[Excerpts from a dataset]
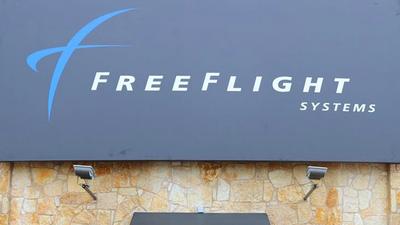 freeflight systems ACR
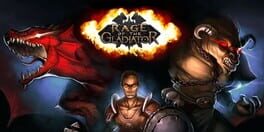 Rage of the Gladiator artwork 1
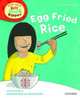 Egg Fried Rice, Hunt Roderick 
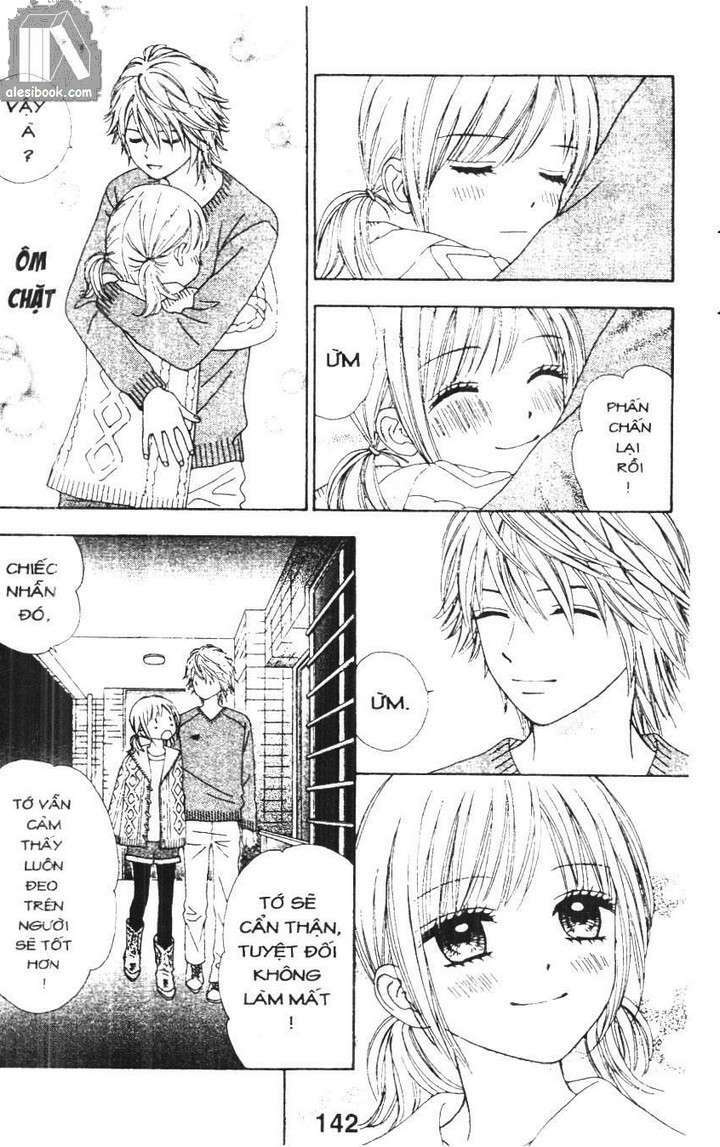 cảm giác trong tình yêu chapter 5 142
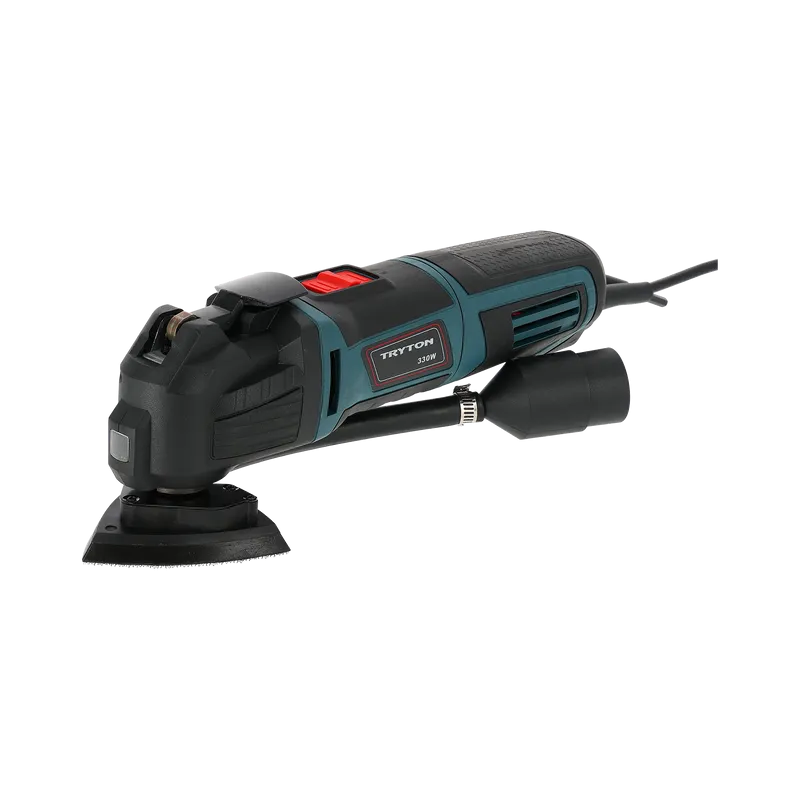 Masina Multifunctionala Unghiulara Rapida - 330W - G.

* [Task directions]
The answer must consist of the line containing "cảm giác trong tình yêu chapter 5 142" and every line after it through the end of the records, retyped exactly, with all pictures left out.

* [Response area]
 cảm giác trong tình yêu chapter 5 142
 Masina Multifunctionala Unghiulara Rapida - 330W - G.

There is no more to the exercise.